**Aim of the task**: Among the lines below, output only those between the line holding "sanjosemaltipoobreeders.com" and the line holding "Ukraina 1998 - Gasca", inclusive, exactly as written and with no pictures.

**Entries provided**:
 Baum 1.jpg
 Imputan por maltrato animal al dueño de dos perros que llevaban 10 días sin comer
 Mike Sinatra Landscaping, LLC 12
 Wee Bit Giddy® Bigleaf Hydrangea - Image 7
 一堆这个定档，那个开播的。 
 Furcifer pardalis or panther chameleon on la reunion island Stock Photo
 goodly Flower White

==

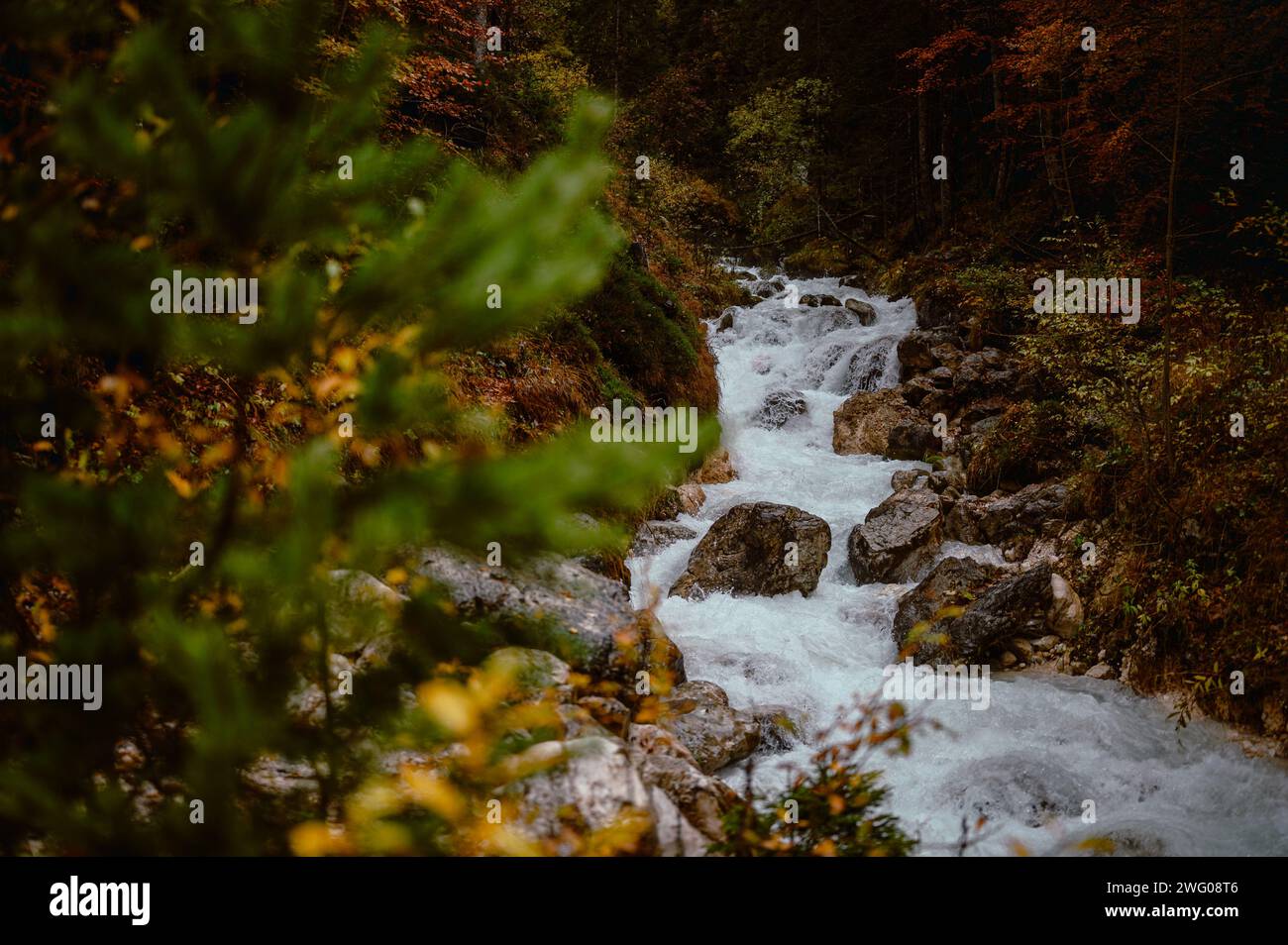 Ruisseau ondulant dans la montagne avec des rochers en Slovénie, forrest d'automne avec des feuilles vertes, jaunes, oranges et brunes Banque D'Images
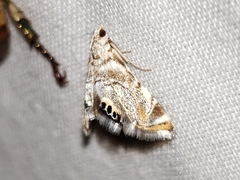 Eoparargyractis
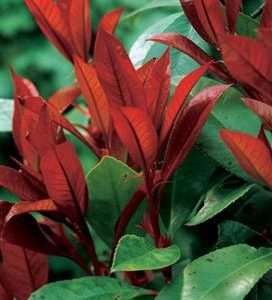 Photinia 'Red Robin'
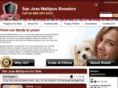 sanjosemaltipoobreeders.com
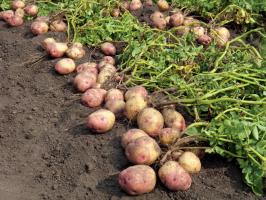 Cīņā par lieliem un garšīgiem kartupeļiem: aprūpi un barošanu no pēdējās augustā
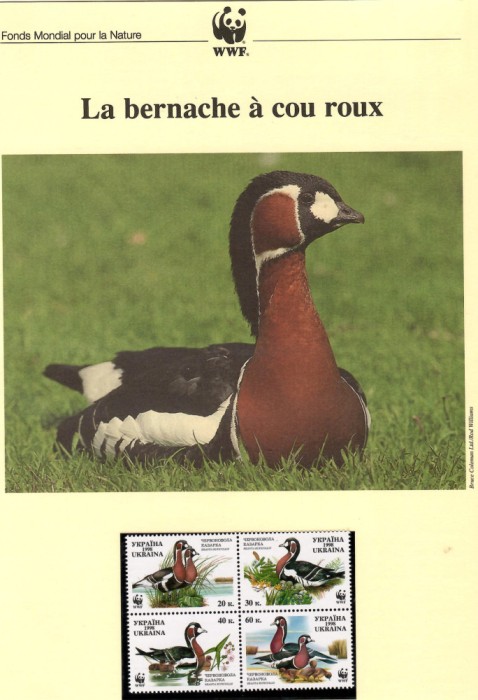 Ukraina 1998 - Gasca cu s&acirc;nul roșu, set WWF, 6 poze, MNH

...

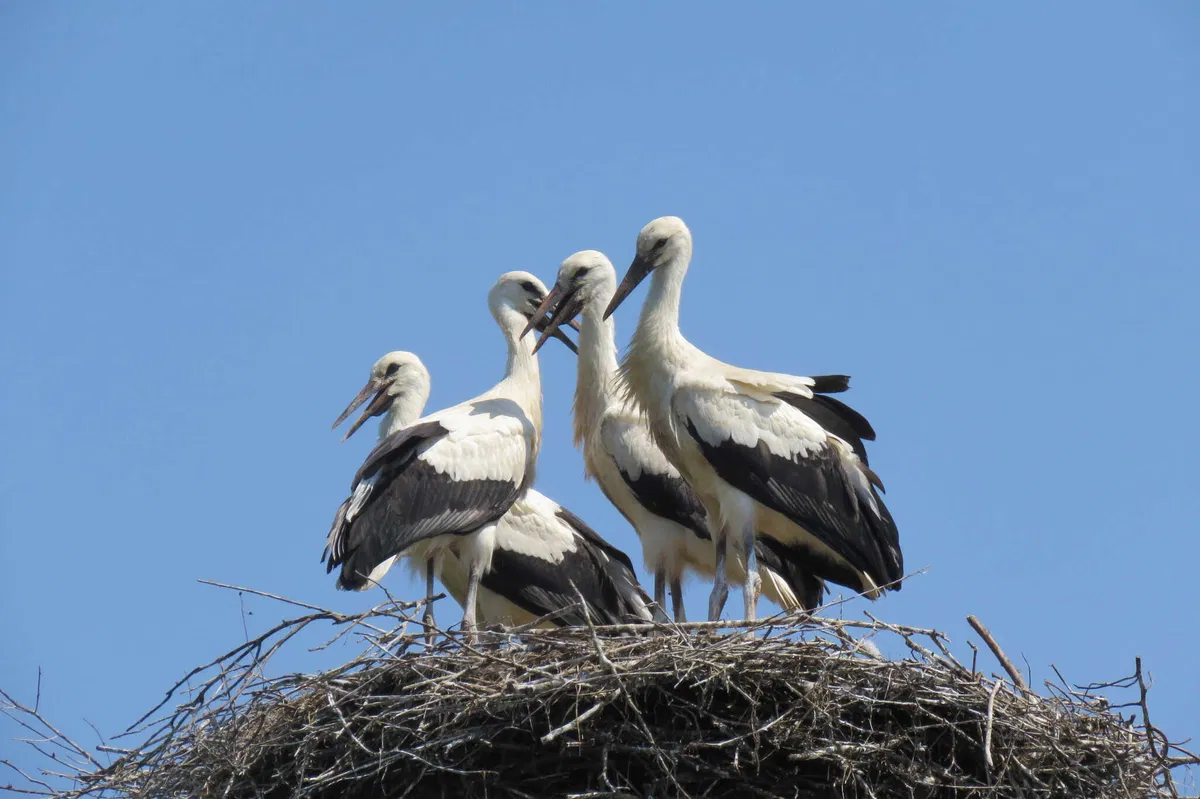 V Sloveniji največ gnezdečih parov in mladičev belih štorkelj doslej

**Result for this task**:
 sanjosemaltipoobreeders.com
 Cīņā par lieliem un garšīgiem kartupeļiem: aprūpi un barošanu no pēdējās augustā
 Ukraina 1998 - Gasca cu s&acirc;nul roșu, set WWF, 6 poze, MNH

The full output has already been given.